Alina Haynes
Sep 21, 2022 14:31
Futures for West Texas Intermediate (WTI) on the New York Mercantile Exchange (NYMEX) have destroyed Monday's stronger bounce. The price of black gold drew large bids below $82.00 and climbed, but the upswing was cut short and the asset continued its decline. Oil prices are hanging around $83, and it is anticipated that they will remain the same.
The asset has effectively established below the 61.8% Fibonacci retracement (placed from the low of December 2, 2021 at $62.34 to the high of March 12 at $126.51) at $87.00 on a daily scale. Typically, a break below the 61.8% Fibo retracement level signifies the culmination of the whole downward swing.

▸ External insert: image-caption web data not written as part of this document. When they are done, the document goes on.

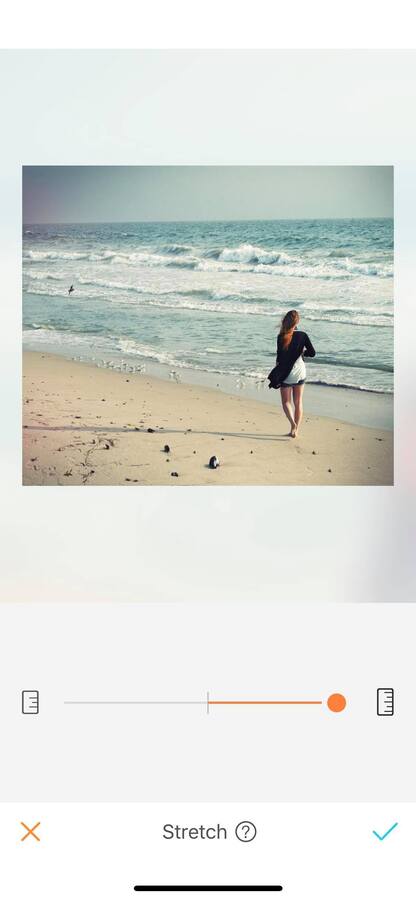 woman walking on the beach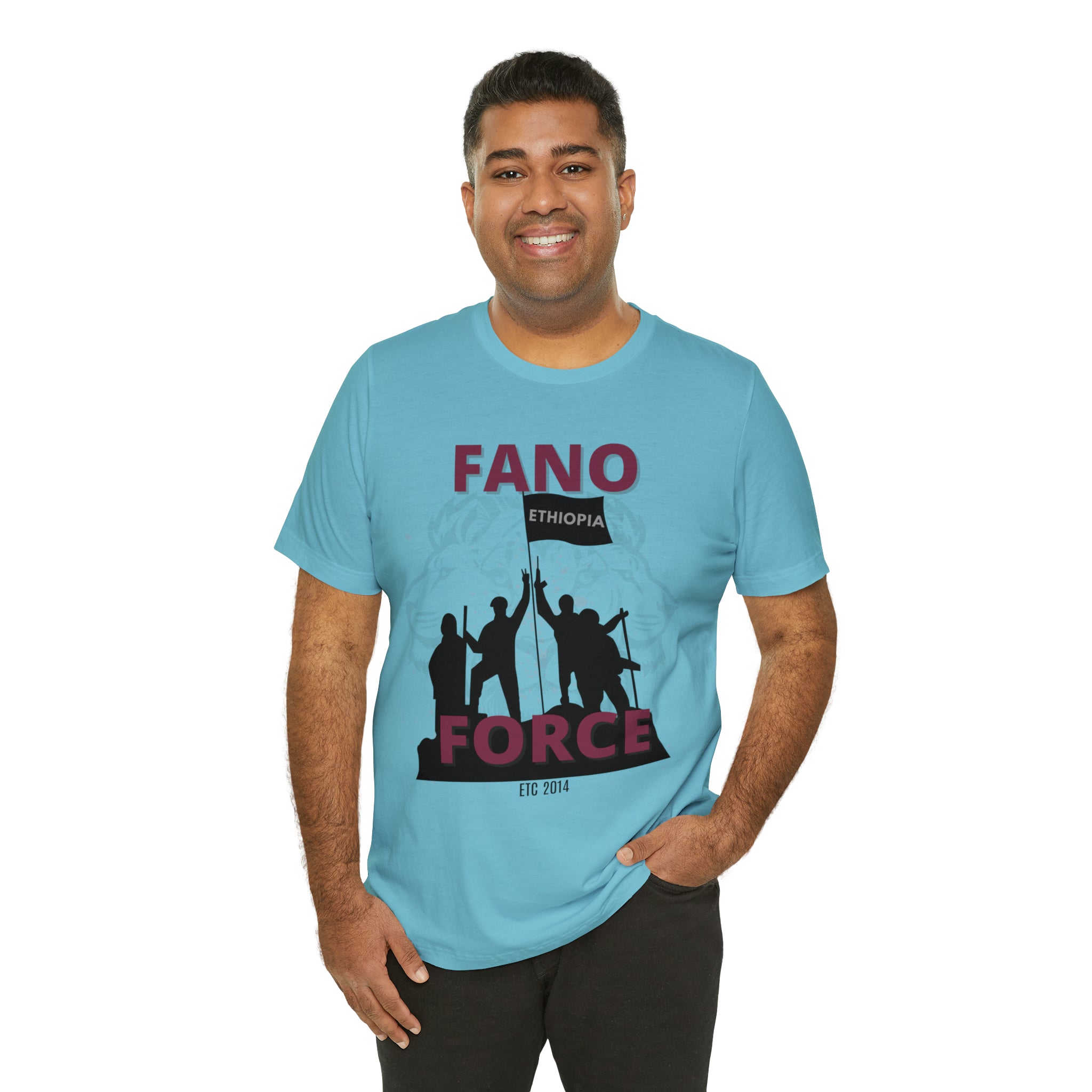 FANO GROUP WITH LION UNISEX JERSEY T-SHIRT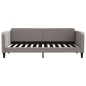 vidaXL Sofá cama con colchón tela gris taupe 80x200 cm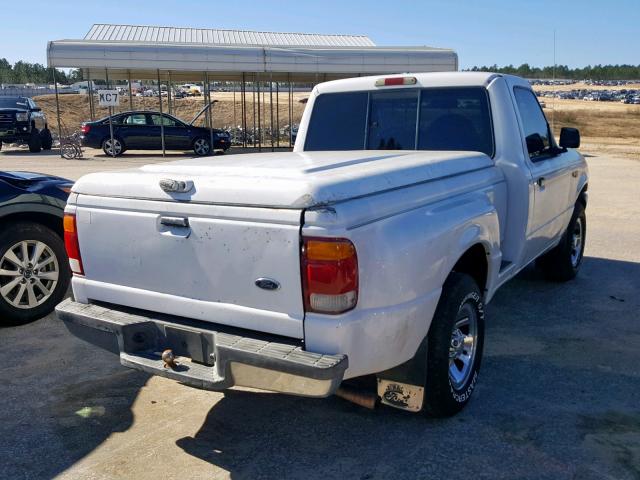 1FTYR10C3XPA06756 - 1999 FORD RANGER WHITE photo 4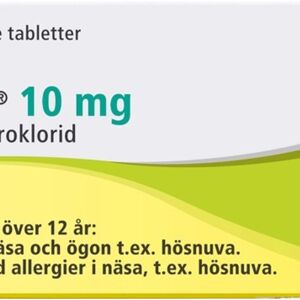 Orifarm Vialerg, filmdragerad tablett 10 mg 30 st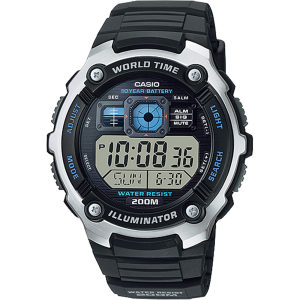 AE2000W-1AV | Illuminator Black and Blue Digital Watch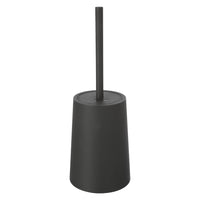 Porta scopino wc da appoggio in plastica grigia dal design tondo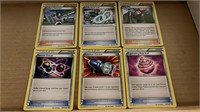 6 card lot of Pokémon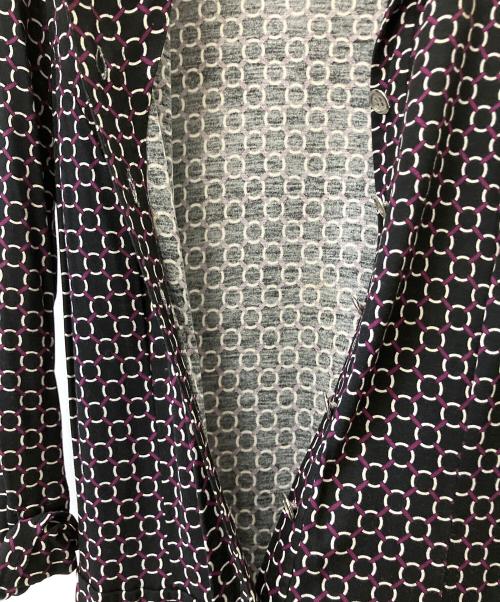 BURBERRY LONDON（バーバリーロンドン）BURBERRY LONDON (バーバリーロンドン) 長袖ワンピース ブラック×パープル サイズ:38の古着・服飾アイテム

The decline of the 20-period and 50-period Exponential Moving Averages (EMAs) at $87.00 and $91.25 respectively adds to the downside filters.
In addition, the Relative Strength Index (RSI) (14) is close to changing into the negative zone of 20.00-40.00, which will accelerate the momentum to the downside.
A decline below the monthly low of $80.96 will push the asset towards the high of $77.20 on 29 December 2021, followed by the high of $73.17 on 9 December 2021.
In contrast, the asset will regain strength if it surpasses the $90.00 round-level resistance. This will cause oil prices to approach a 50% Fibonacci retracement at $94.32 and psychological barrier at $100.00.